African MSMEs hold immense potential to drive innovation in Africa’s systems, representing 60 percent of the population under 25. However, limited access to resources and information poses barriers to their entry. Addressing these challenges is crucial to empower their engagement in productivity.
According to the African Development Bank, the AfCFTA possesses the transformative potential to establish a consumer market encompassing 1.3 billion individuals. Projections from The World Bank indicate that by 2035, the AfCFTA is expected to contribute an incremental income of $450 billion to Africa’s economy, alongside a substantial surge of more than 81 percent in intra-African exports.

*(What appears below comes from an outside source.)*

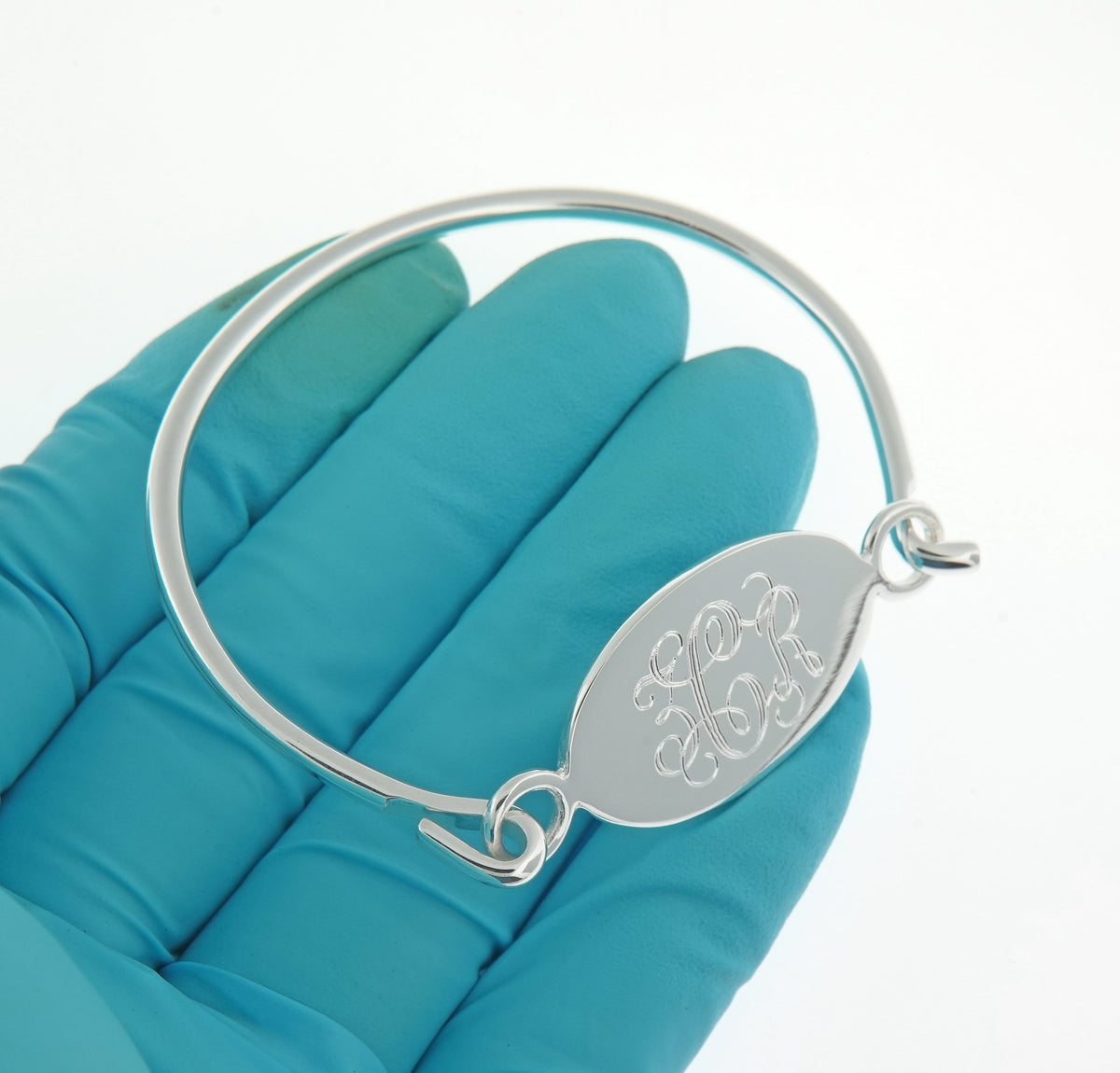 sterling silver oval id plate bangle bracelet custom engraved personalized name initials monogram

This is the largest free trade area in the world measured by the number of countries agreeing to connect 1.3 billion people across 55 countries with a combined gross domestic product (GDP) valued at US$3.4 trillion (bearing in mind that one country has yet to join the agreement citing their national prioritization of regional economic zones). AFCTA has the potential to lift 30 million people out of extreme poverty, but achieving its full potential will depend on putting in place significant business environment reforms and trade facilitation measures.
In order for homegrown MSMEs to fully benefit from the agreement, they need to be equipped with the right tools and strategies to take advantage of the opportunities AfCFTA presents with a key entry point being in first optimizing local content within internationally funded projects so as to build local competitiveness. Financial Institutions have the responsibility, given their standing, to prepare Tanzanian communities and locally owned SMEs, to be able to take advantage and participate in projects like the EACOP, its cross-cutting sectors, as well as other strategic projects and investments.

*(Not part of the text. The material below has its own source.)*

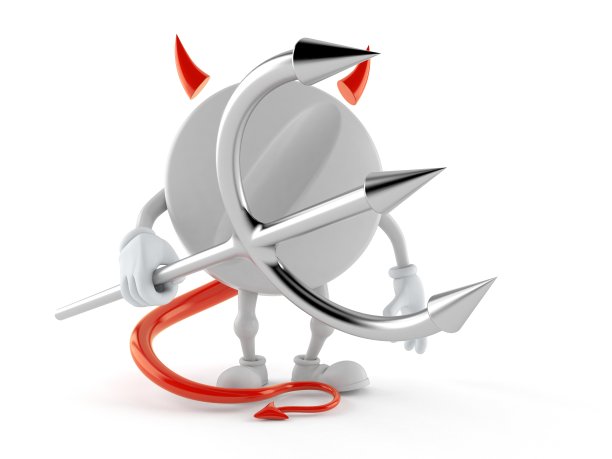 带有魔鬼角和干草叉的平板人物图片下载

According to a 2023 report by the Stanbic Bank, Tanzania has one of the largest informal sectors as a percent of GDP of any country in Sub-Saharan Africa. The share of informal employment in total employment in Tanzania is 90.6 percent. Drivers of informality include onerous regulatory and tax burdens that unintentionally push businesses to stay small and under the radar. This negatively impacts the nation’s economic growth as these financially excluded businesses are unable to access or nurture formal sector value chains. It is then critical to blend finance with programs for SME building capacity like the Stanbic Bank Incubator initiative.
This can’t be achieved without strategic Public-Private Partnerships (PPPs) to make even greater strides. The private sector is a catalyst for the growth of any economy and it becomes even more resolute in that mission by partnering with the government and other economic growth actors.

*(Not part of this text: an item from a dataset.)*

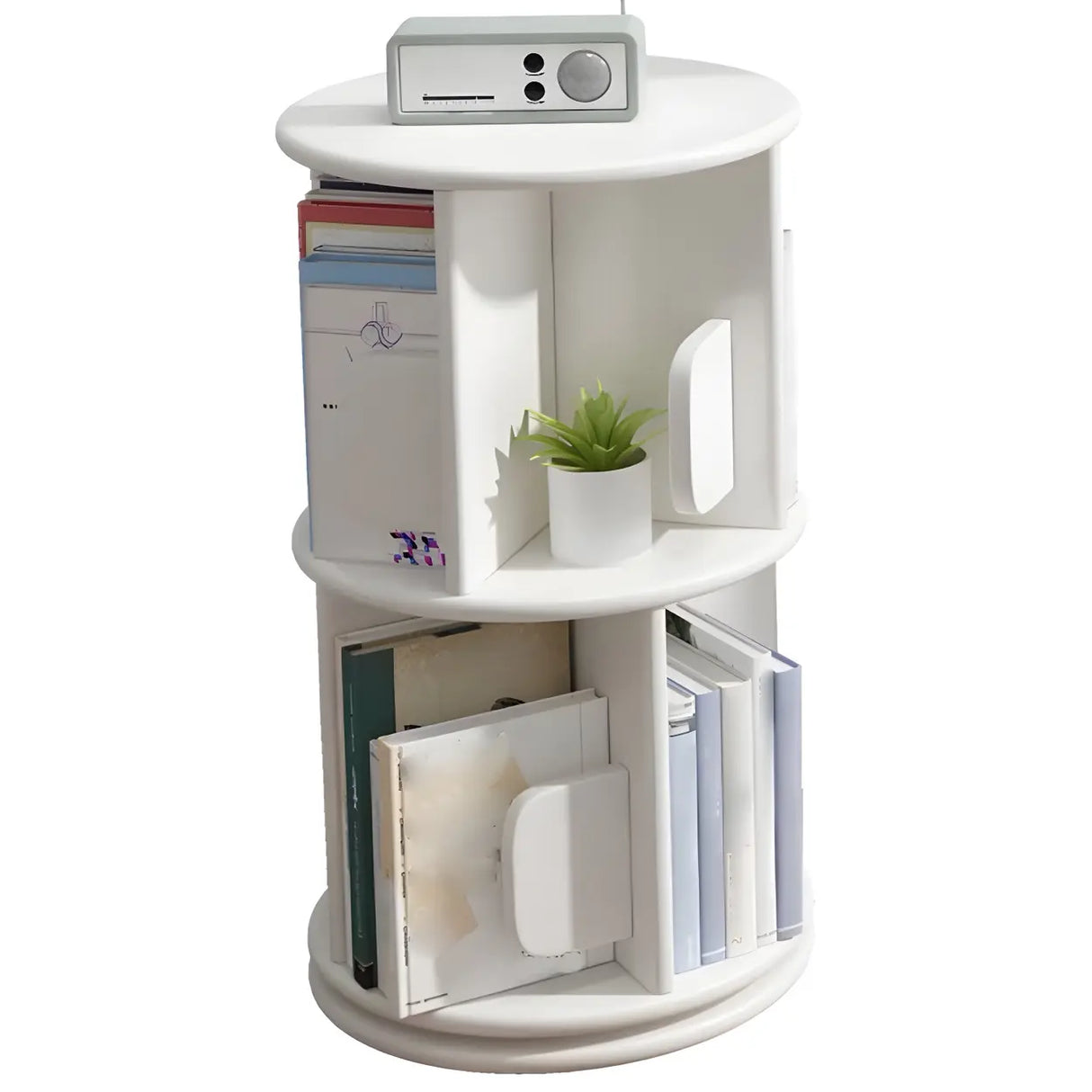 Round Natural Rotating Wood Geometric Bookcase Image - 16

Realizing the opportunity and leveraging the bank’s position as the leading investment bank, the incubator anchored its first intervention in local content, through its flagship ‘Supplier Development Program’ in partnership with the National Economic Empowerment Council (NEEC).
The initiative targeted a total of 500 SMEs in six regions namely; Dar es Salaam, Lindi, Shinyanga, Geita, Kagera, and Tanga impacted by the oil and gas and other cross-cutting sectors with necessary tools for active participation. The participating companies, within a specified timeline, were able to show competencies in bid/proposal preparation and management, and significantly improved the quality of their bids and submissions in addition to more effectively managing the contracts after award.
The intervention successfully enhanced the capabilities of small and medium enterprises (SMEs) interested in supplying the oil and gas sector. It professionalized these businesses by providing essential tools, facilitating tender and contract applications, and fostering sectoral linkages. Sustainable connections to markets and financial resources for trained SMEs were established, and the initiative organized networking events that provided access to subject matter experts.
Additionally, the initiative successfully consolidated investment-ready SMEs with viable business models, offering support for the implementation of their innovative strategies that enabled market entry, revenue growth, scalability, and job creation. Through the program, a total number of 12 tenders have been won so far with a total value of 20.72 Tanzania Billion Shillings and an ongoing pipeline.
This collaboration between the government, the bank, and the participating SMEs demonstrates the power of partnerships in driving meaningful change. Micro, small, and medium enterprises are a key component of Tanzania’s economy and contribute positively to the youth dividend. As we move forward, we envision even more PPPs around local content that will not only boost economic activity, and facilitate cross-border trade but also instill a sense of pride in the local business ecosystem.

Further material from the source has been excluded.